§ TASK OBJECTIVE: Setting aside any pictures, reproduce the data exactly.

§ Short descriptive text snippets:
================================
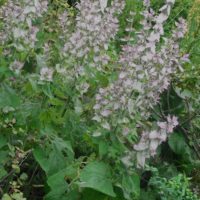 Sauge sclarée, Toute-bonne, Orvale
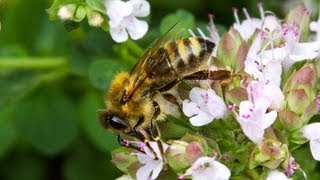 Carniolan Honey Bee [upl. by Hacissej]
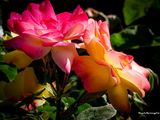 Фотография пользователя koniu705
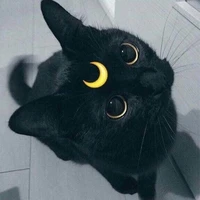 Yin
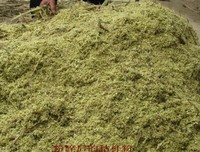 心水象草亦香句子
================================
§ TASK SOLUTION:
 Sauge sclarée, Toute-bonne, Orvale
 Carniolan Honey Bee [upl. by Hacissej]
 Фотография пользователя koniu705
 Yin
 心水象草亦香句子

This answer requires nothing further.